Milano, 23 gen. (askanews) – L’instabilità geopolitica sta ridefinendo le regole del gioco dell’economia globale. E gli avvenimenti senza precedenti a cui stiamo assistendo non possono essere considerati elementi esogeni alla vita delle imprese. La loro governance è chiamata a confrontarsi con rischi inediti, a elaborare scenari in un contesto altamente imprevedibile e a cogliere opportunità laddove fino a poco tempo prima si percepivano criticità . Di questo si è parlato al forum annuale di Nedcommunity, l’associazione italiana degli amministratori indipendenti e degli esperti di governance, che ha riunito a Milano esponenti del mondo delle imprese e della comunità finanziaria e rappresentanti delle istituzioni, a partire dal sottosegretario all’economia Federico Freni.

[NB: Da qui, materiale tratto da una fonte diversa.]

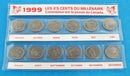 1999 Canada 25 Cents Millenium Set 12 Coins In Folder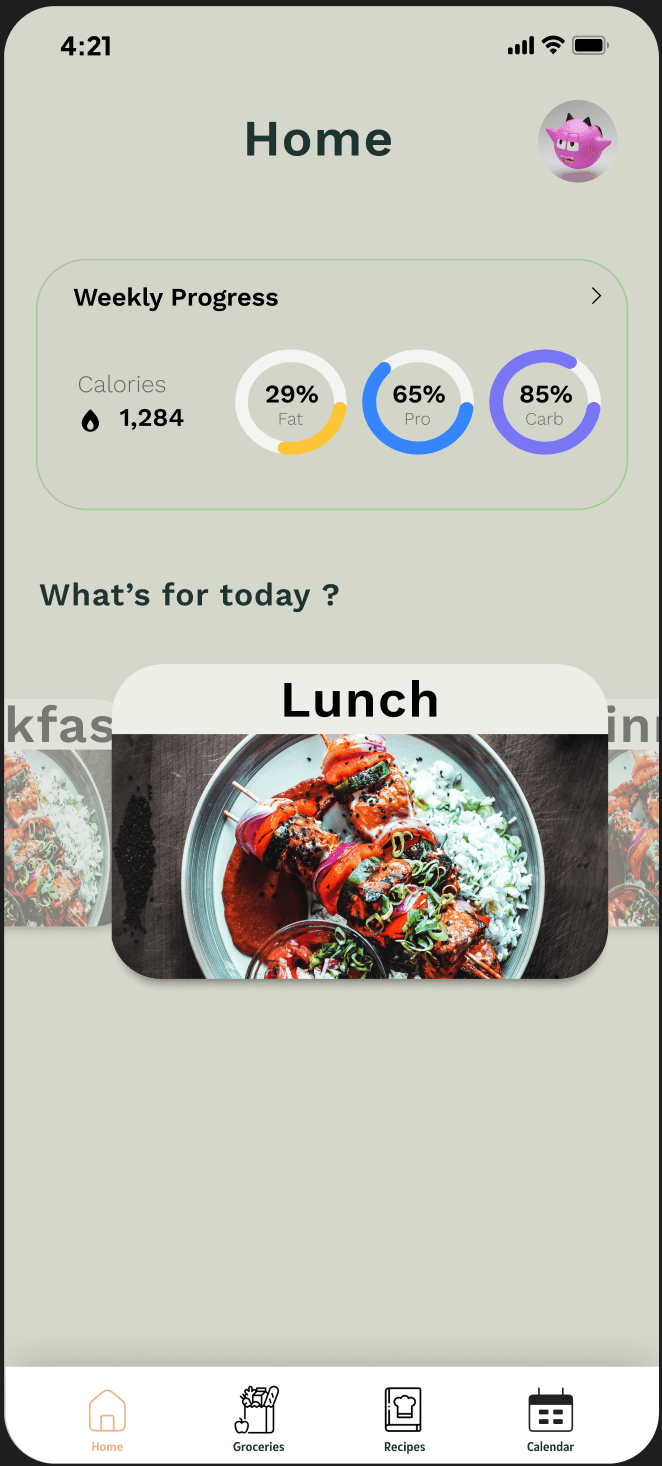 Page d'accueil de l'application mobile GFaim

“L’incertezza, ormai la storia ce lo insegna, è diventata una componente strutturale della vita delle imprese e quindi allo stesso modo la governance di qualità deve diventare un elemento strutturale della vita delle imprese – ha affermato Marco Giorgino, presidente di Nedcommunity
– I board devono abituarsi a lavorare in modo diverso, sapendo leggere il contesto, sapendo valorizzare quello che è fuori dalle imprese e quali sono gli scenari e sapendo tradurre questa lettura e questa interpretazione del contesto in qualcosa che da un lato consente di mitigare i rischi e quindi di poterli gestire, ma dall’altra parte di poter cogliere le opportunità che qualsiasi cambiamento può generare”.